• _Supplied data_:
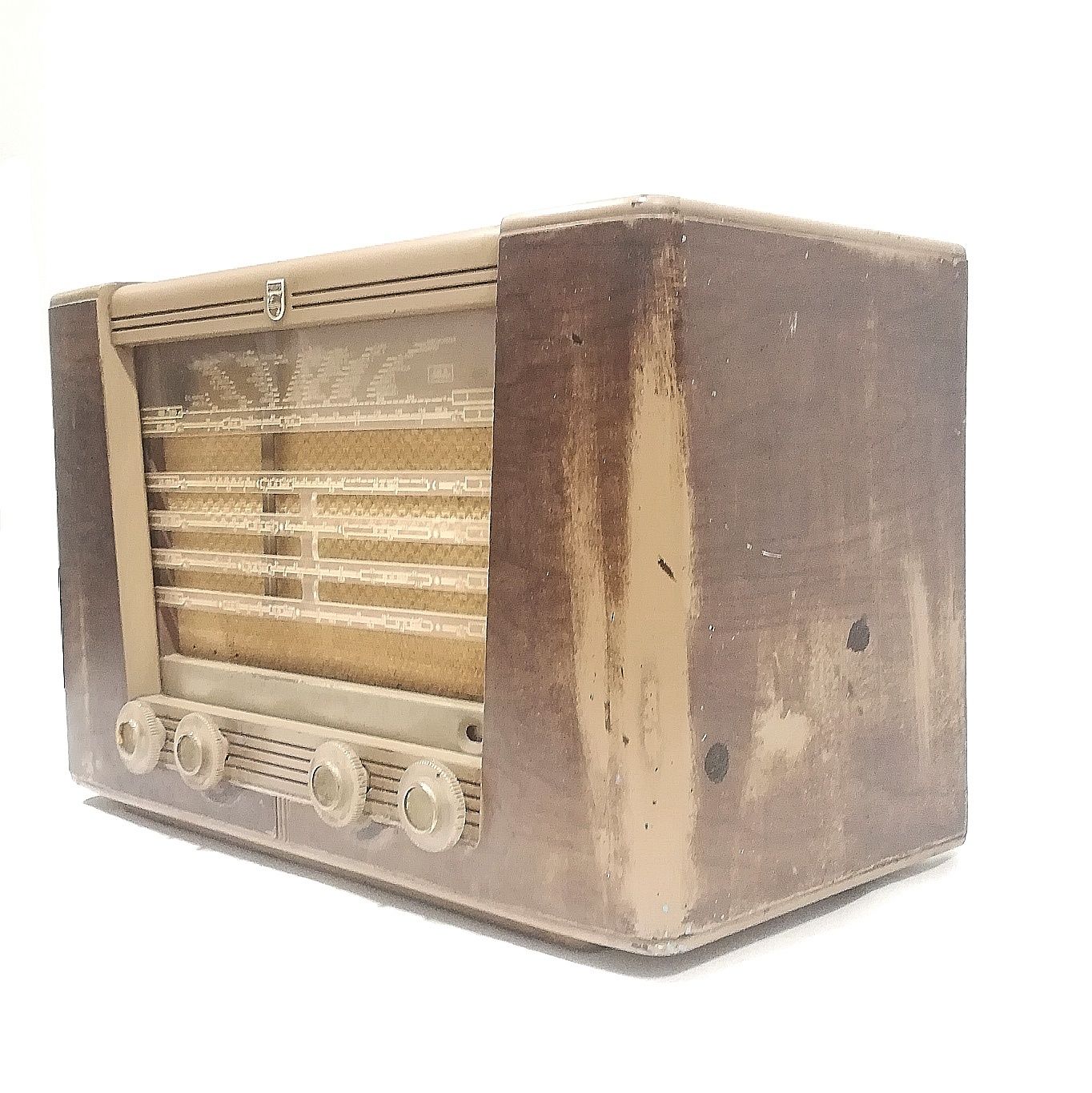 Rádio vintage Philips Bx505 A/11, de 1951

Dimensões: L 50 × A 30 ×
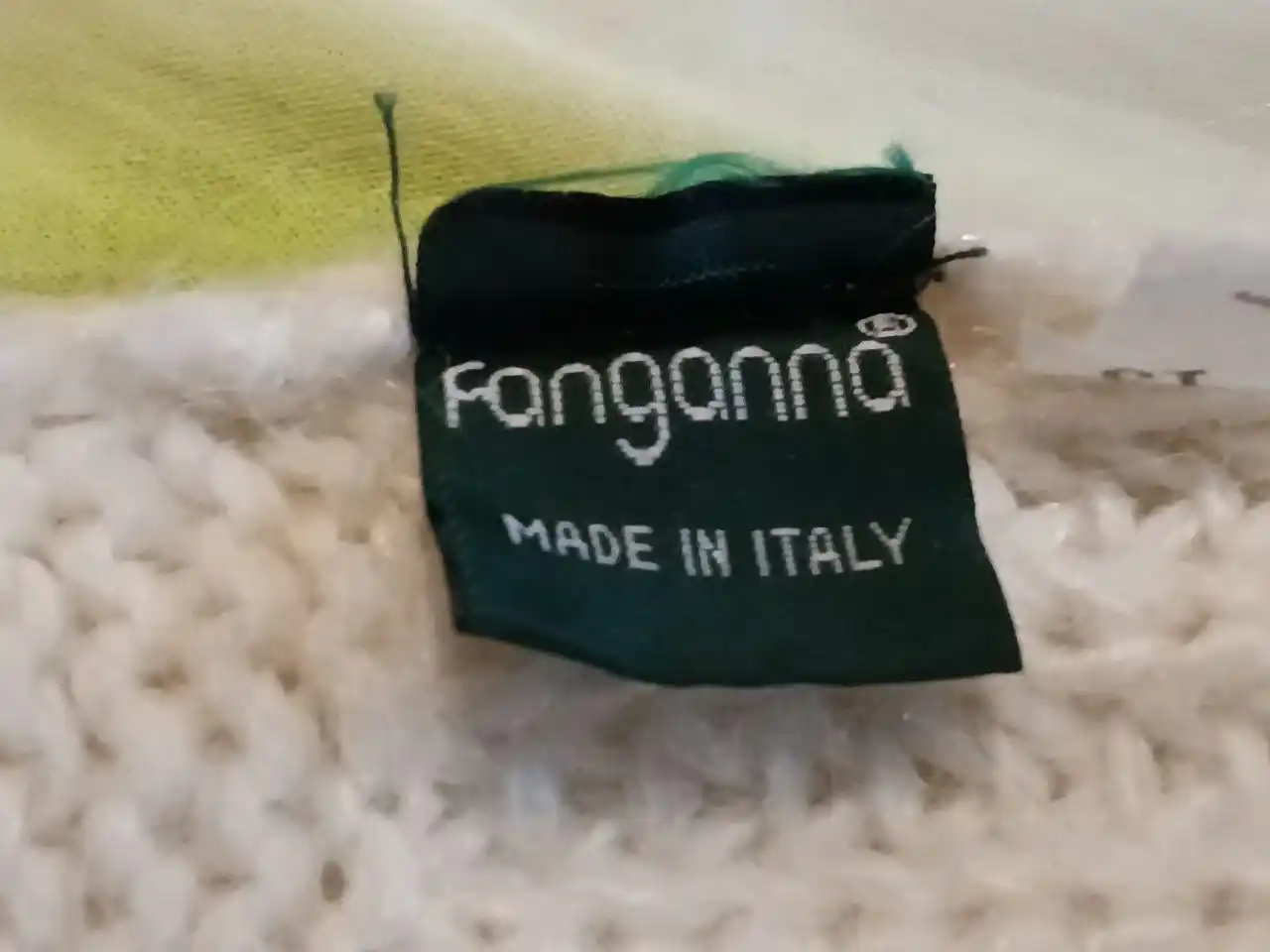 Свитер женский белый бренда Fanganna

• _What needs to be done_: When you reproduce the data shown above, keep each line exact and omit every picture.

• _Output below_:
 Rádio vintage Philips Bx505 A/11, de 1951

Dimensões: L 50 × A 30 ×
 Свитер женский белый бренда Fanganna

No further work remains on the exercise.